Untuk beberapa menit, semuanya terasa tenang. Mereka memang belum menemukan solusi atas kesalahan anak-anak magang itu, namun meeting darurat sudah dijadwalkan satu jam lagi, setelah jam makan siang. Alih-alih makan siang, Lisa pergi ke sebuah studio kosong di basement. Studio lama yang dulu mereka gunakan untuk siaran berita. Studio yang sudah bertahun-tahun kosong.

"Berengsek! Bajingan! Anak-anak sialan! Augh!" gadis itu memaki, lantas berteriak dengan sangat keras di sana. Semua masalahnya, sakit hatinya, dan yang pasti emosinya, ia luapkan segalanya di dalam ruang kosong yang katanya berhantu itu. Segalanya tidak terbendung lagi sekarang. Seperti setumpuk bahan peledak yang diberi sebuah percikan kecil, emosi Lisa meledak di sana.

Ia tidak boleh terlihat marah, karena Jiyong sudah lebih dulu marah. Kalau mereka berdua sama-sama marah, suasana di tim mereka akan jadi kacau balau. Acara yang harus mereka rekam tanggal 14 nanti, bisa jadi semakin kacau kalau ia sama marahnya dengan Jiyong. Lima belas menit Lisa berada di sana, berteriak seperti seorang yang kerasukan. Setelahnya, ia poles lagi wajahnya dengan riasan favoritnya, baru kemudian dilangkahkan lagi kakinya ke ruangannya.

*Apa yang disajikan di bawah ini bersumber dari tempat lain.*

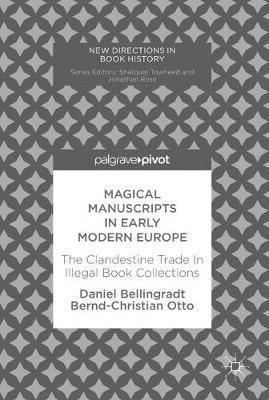 Magical Manuscripts in Early Modern Europe by Daniel Bellingradt image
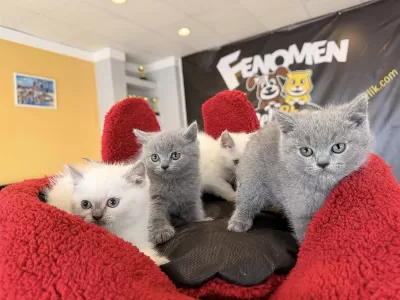 Renk Renk Orjinal British Shorthair Yavruları Ankara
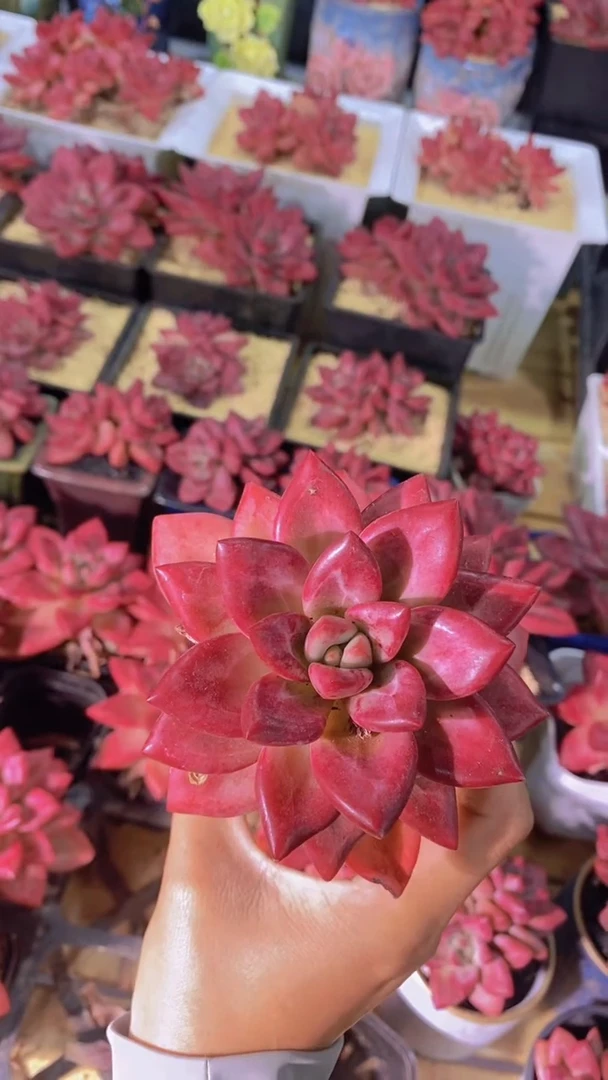 B73-老桩赫菲斯托单头（量拍）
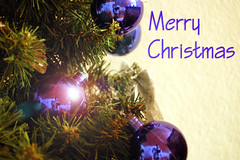 Merry Christmas Blue Tree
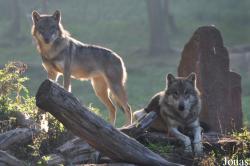 Parc Animalier de Sainte-Croix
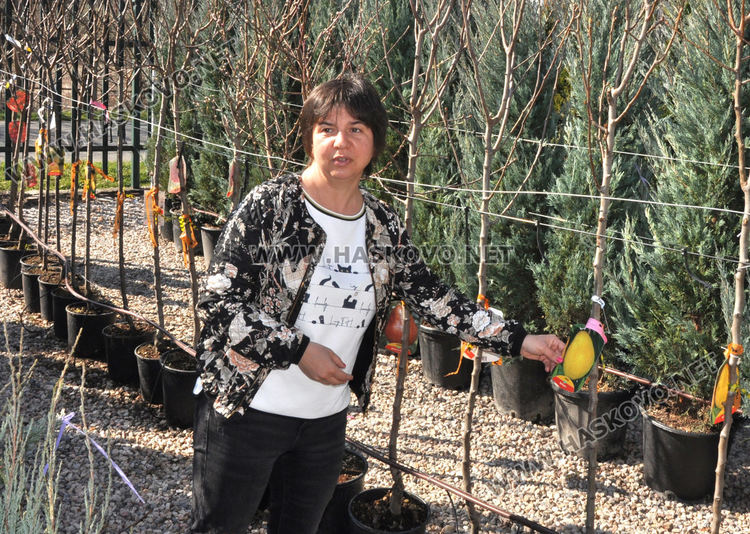 Засилен интерес към растениевъдството със затопляне на времето, туята е най-търсена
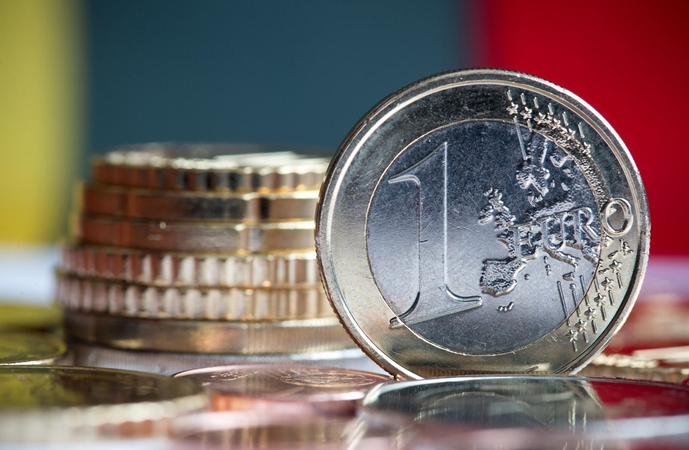 R. Vainienė: valdžia su finansais elgiasi kaip su greitaisiais kreditais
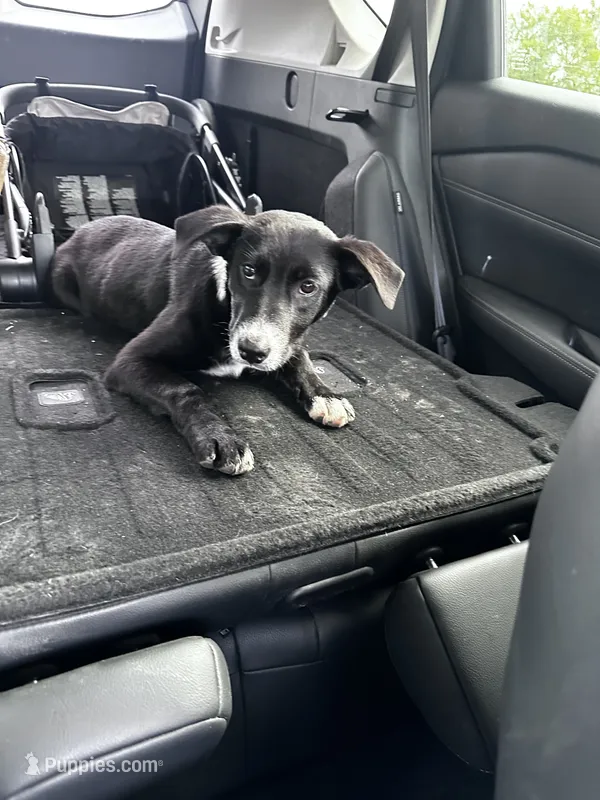 Girl – Border Collie, Labrador Retriever puppy for sale in Saint Hedwig, TX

Di lift, gadis itu berpapasan dengan Jiyong yang masuk dari lobby. Pria itu masuk ke dalam lift setelah membeli segelas es batu. "Kau baru menangis?" tanya Jiyong, setelah ia berdiri di sebelah Lisa, di dalam lift itu. Pria itu bertanya, sebab dilihatnya mata Lisa yang lembab dan merah.

"Hm..." Lisa mengangguk. "Setelah sekian lama," katanya dengan sangat datar.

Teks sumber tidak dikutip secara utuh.